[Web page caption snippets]
◇ ◇ ◇ ◇ ◇ ◇ ◇

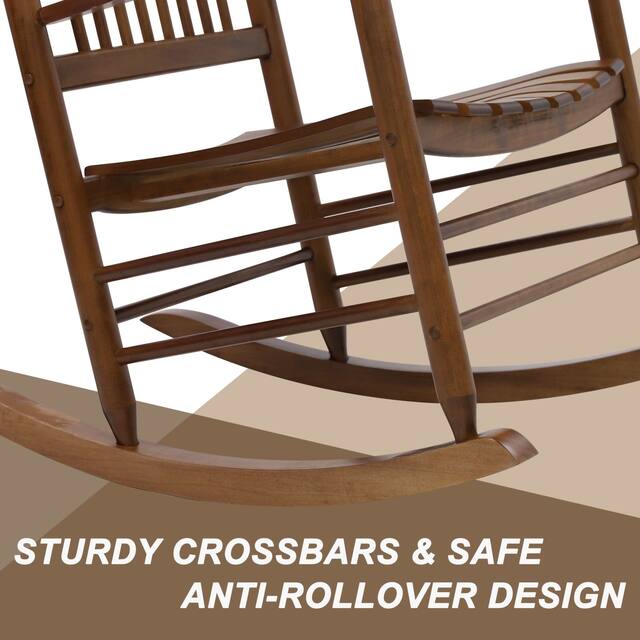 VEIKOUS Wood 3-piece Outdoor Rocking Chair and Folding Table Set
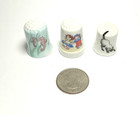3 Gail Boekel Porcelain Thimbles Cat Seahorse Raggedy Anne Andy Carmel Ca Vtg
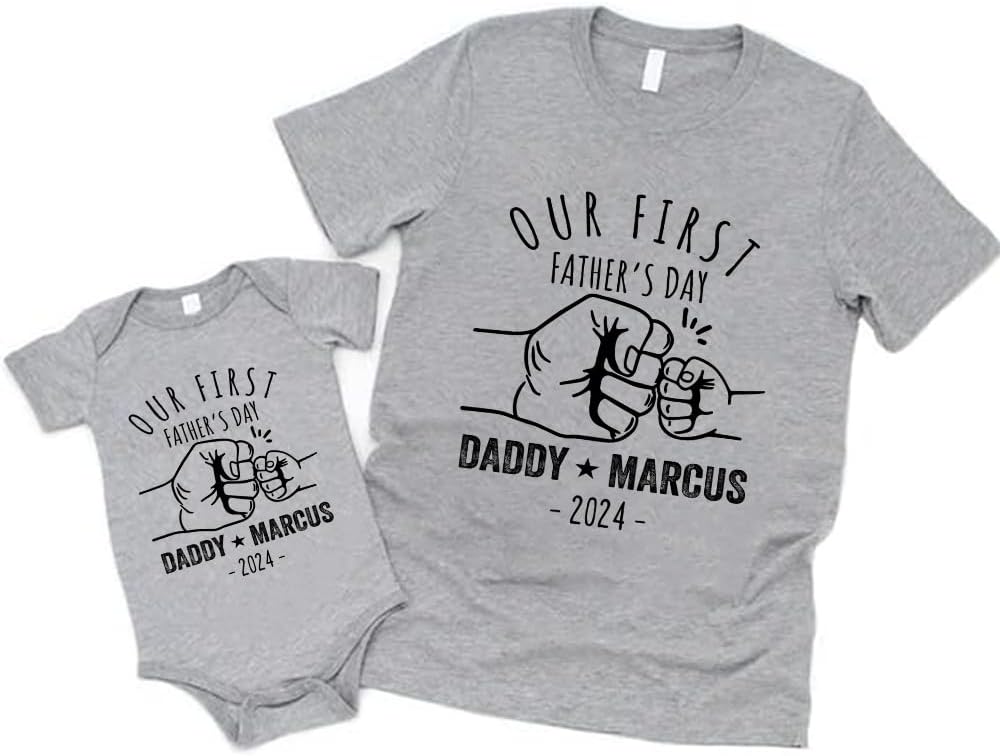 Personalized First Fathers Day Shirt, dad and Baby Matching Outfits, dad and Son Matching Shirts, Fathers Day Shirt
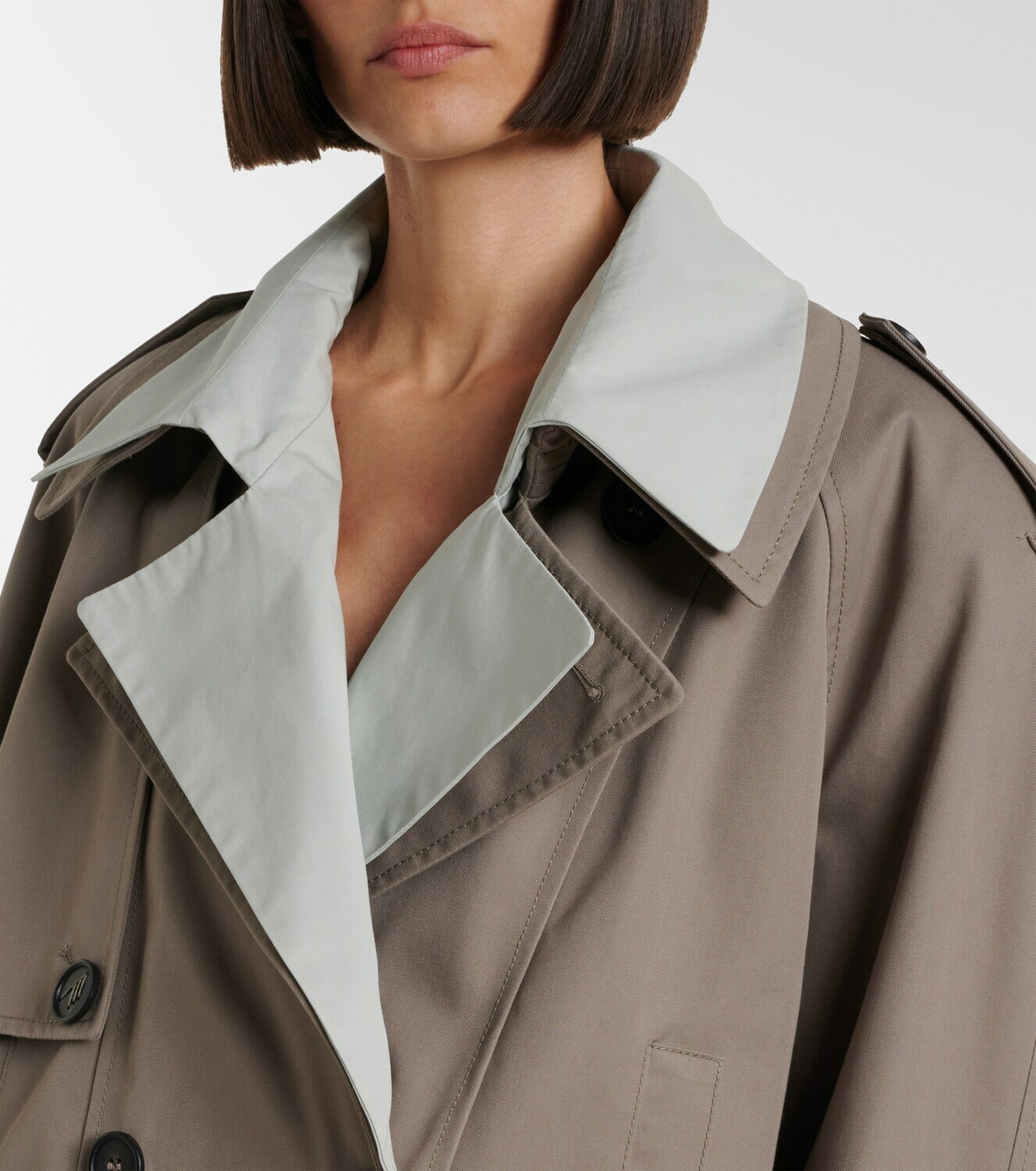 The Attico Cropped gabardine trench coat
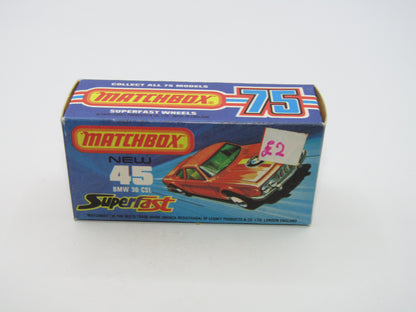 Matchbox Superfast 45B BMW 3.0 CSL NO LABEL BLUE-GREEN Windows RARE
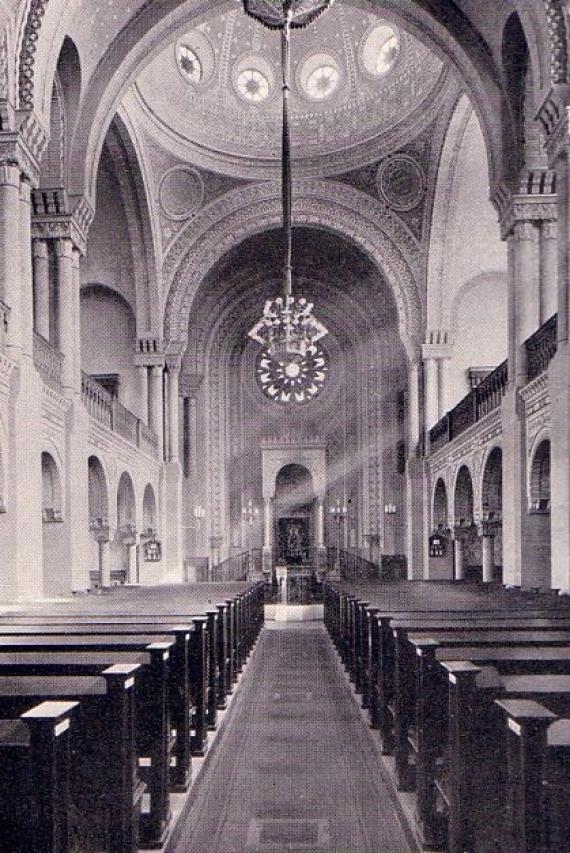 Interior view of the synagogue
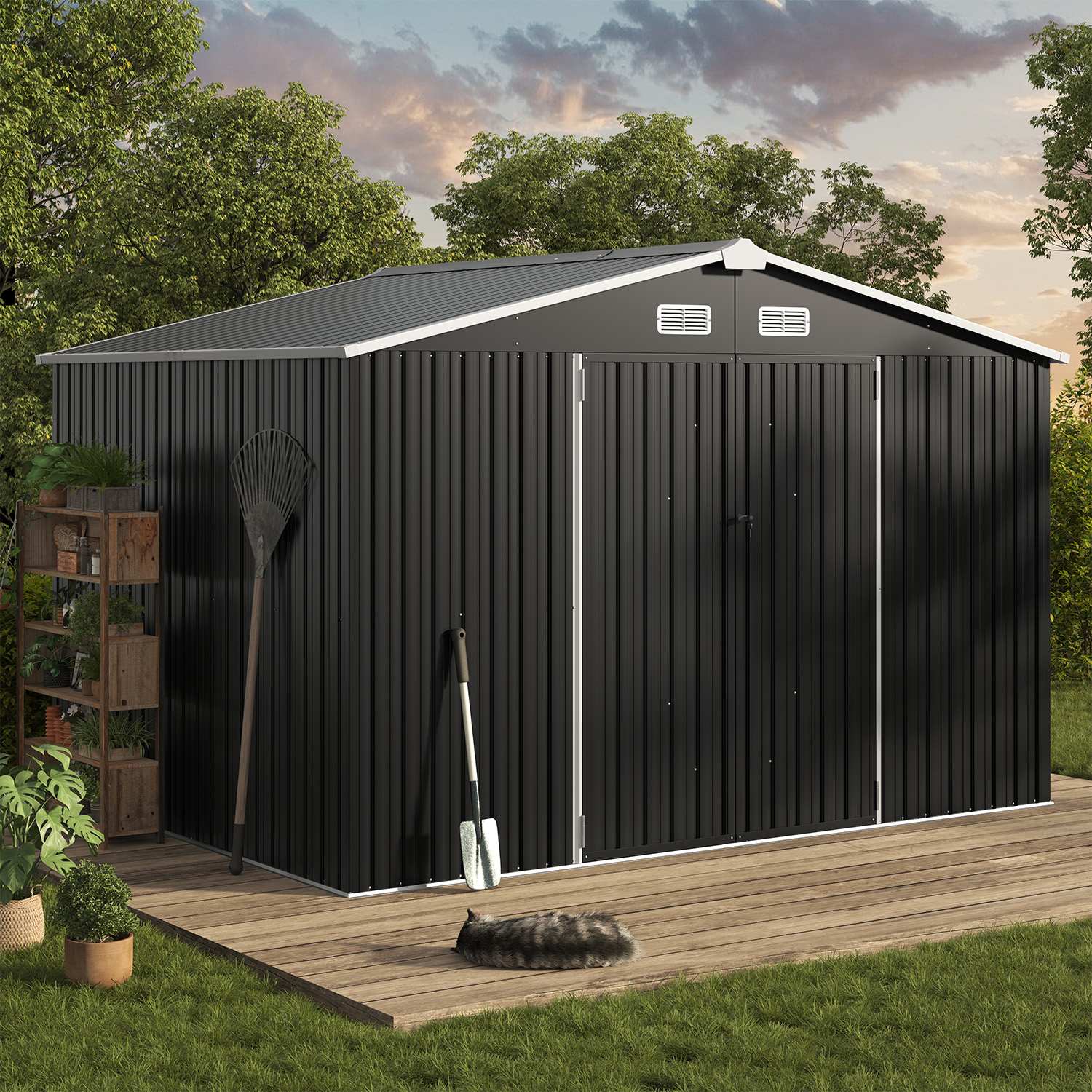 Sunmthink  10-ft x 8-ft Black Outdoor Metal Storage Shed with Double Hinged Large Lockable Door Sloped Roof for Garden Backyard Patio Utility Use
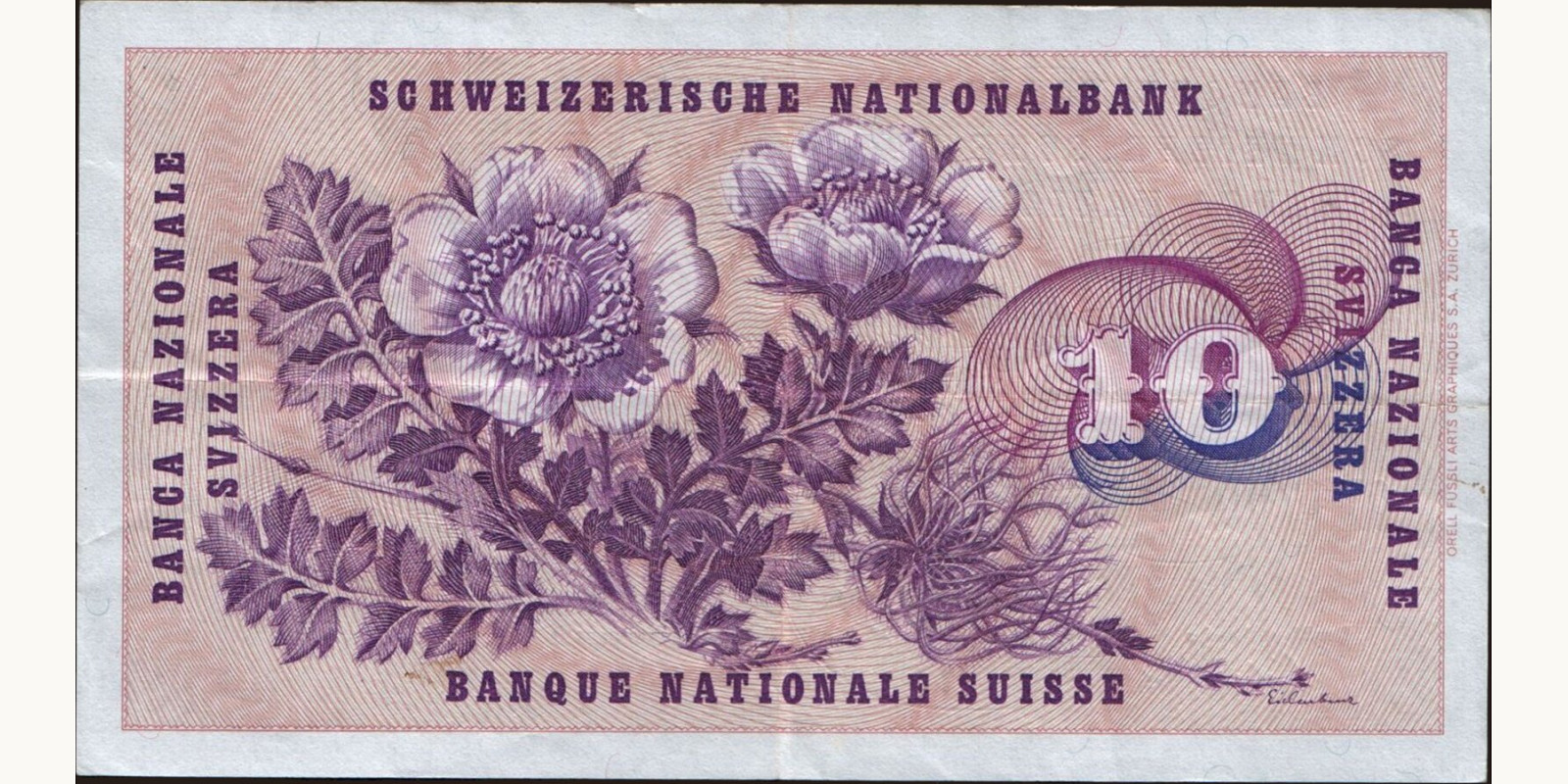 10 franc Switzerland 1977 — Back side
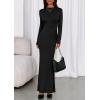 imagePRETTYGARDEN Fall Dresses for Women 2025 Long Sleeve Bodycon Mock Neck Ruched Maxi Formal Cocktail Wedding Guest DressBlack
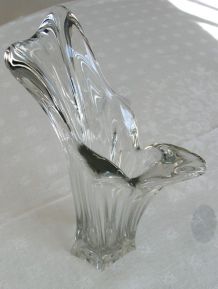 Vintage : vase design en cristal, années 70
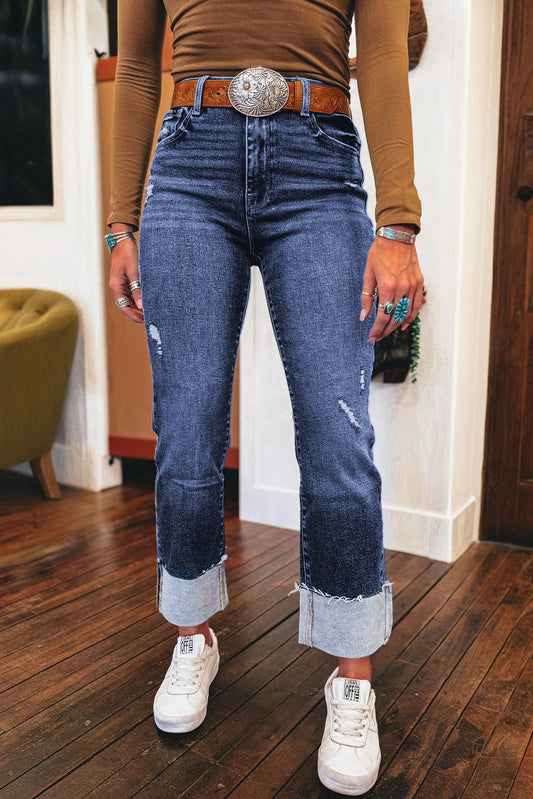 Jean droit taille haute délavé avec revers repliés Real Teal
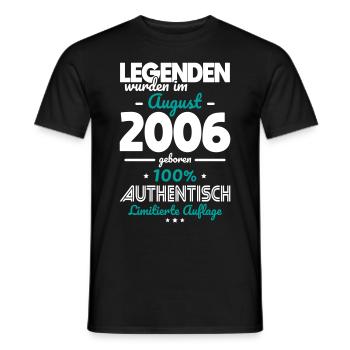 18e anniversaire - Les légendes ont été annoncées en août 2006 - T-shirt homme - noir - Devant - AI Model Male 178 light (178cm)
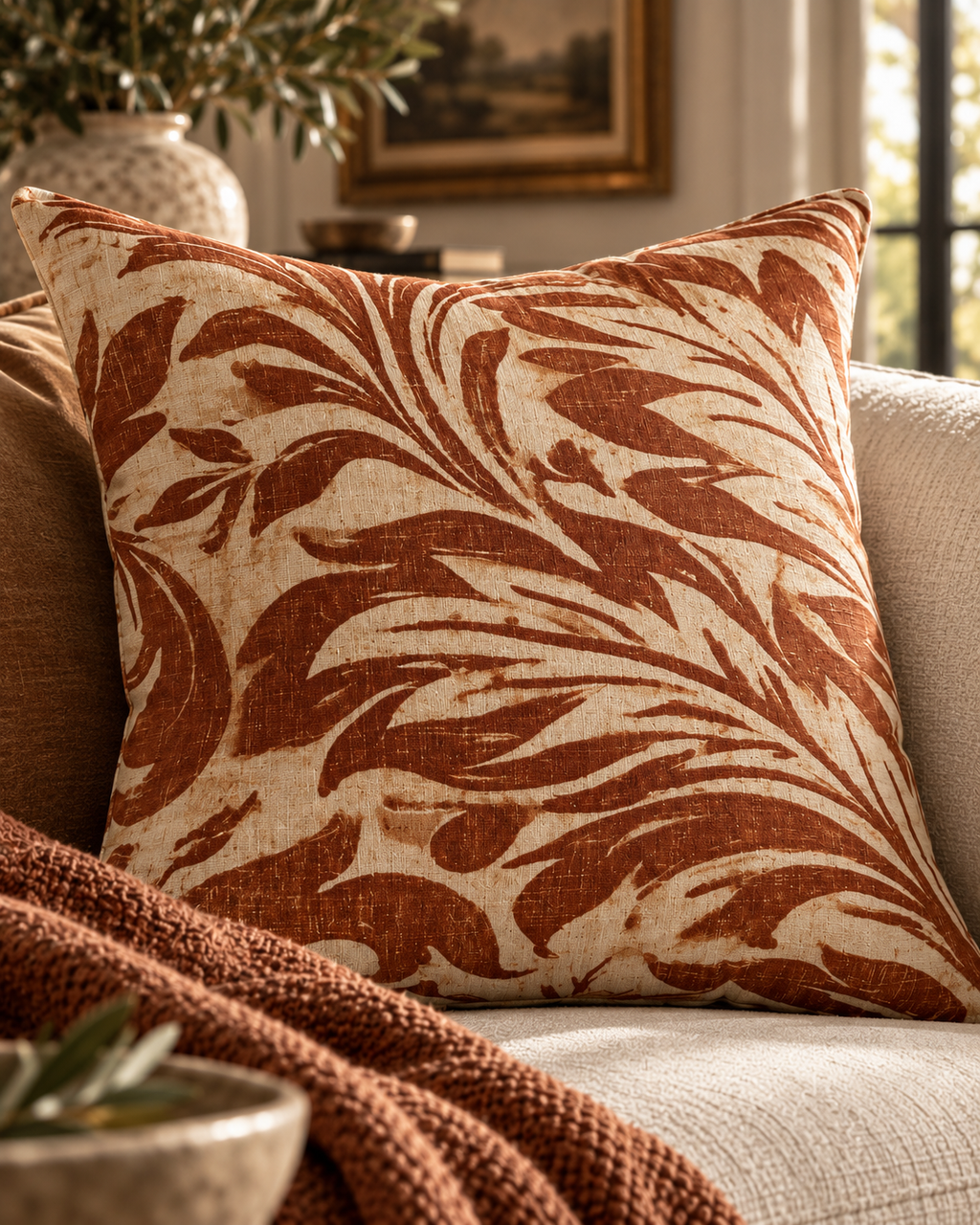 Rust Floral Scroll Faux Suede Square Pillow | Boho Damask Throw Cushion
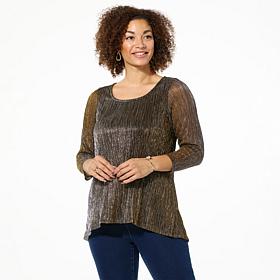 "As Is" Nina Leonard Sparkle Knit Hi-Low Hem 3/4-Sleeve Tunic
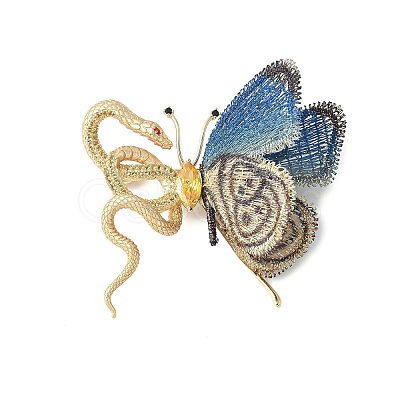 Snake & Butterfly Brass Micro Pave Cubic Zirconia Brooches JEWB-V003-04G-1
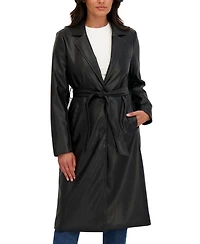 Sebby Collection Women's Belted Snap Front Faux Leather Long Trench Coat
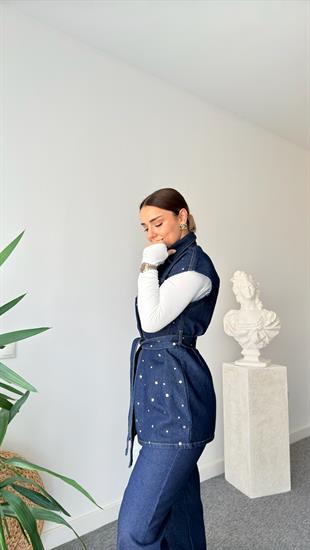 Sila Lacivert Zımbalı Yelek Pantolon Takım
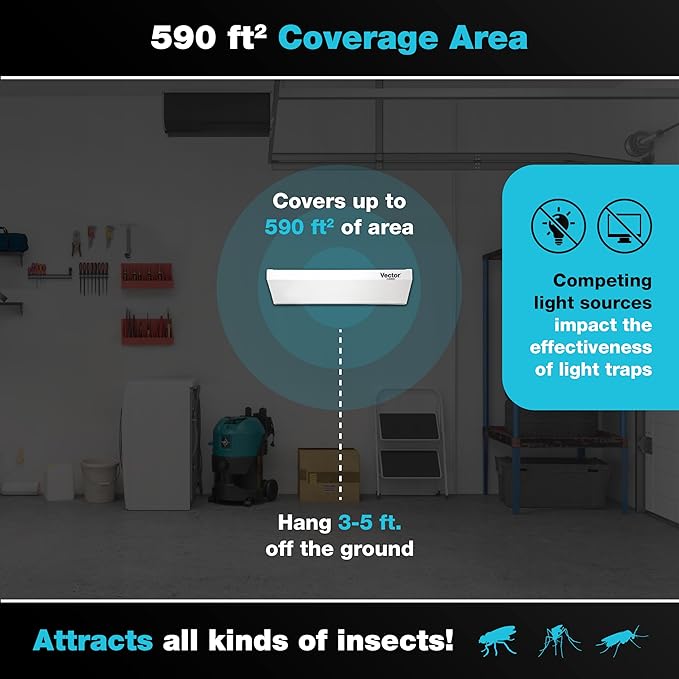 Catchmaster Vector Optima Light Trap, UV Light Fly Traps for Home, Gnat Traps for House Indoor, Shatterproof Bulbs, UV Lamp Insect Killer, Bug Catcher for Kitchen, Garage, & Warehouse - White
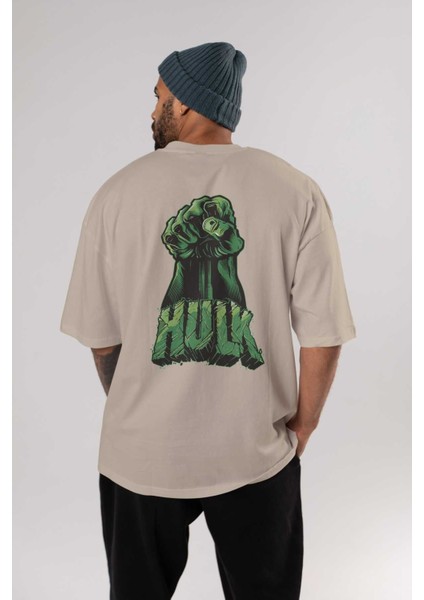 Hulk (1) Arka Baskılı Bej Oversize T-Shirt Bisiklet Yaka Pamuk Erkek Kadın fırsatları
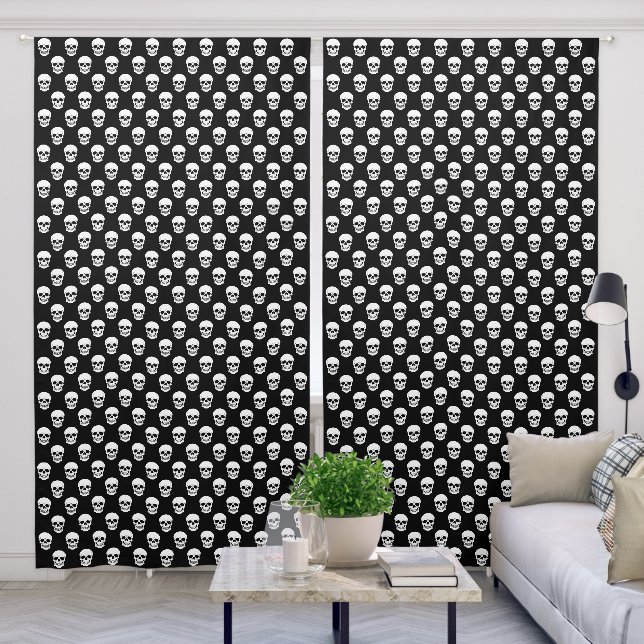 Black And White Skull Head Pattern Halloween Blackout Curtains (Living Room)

◇ ◇ ◇ ◇ ◇ ◇ ◇

An exact restatement is expected of the lines from the line containing "Hulk (1) Arka" to the end of the data above, pictures excluded.

### SOLUTION BELOW
 Hulk (1) Arka Baskılı Bej Oversize T-Shirt Bisiklet Yaka Pamuk Erkek Kadın fırsatları
 Black And White Skull Head Pattern Halloween Blackout Curtains (Living Room)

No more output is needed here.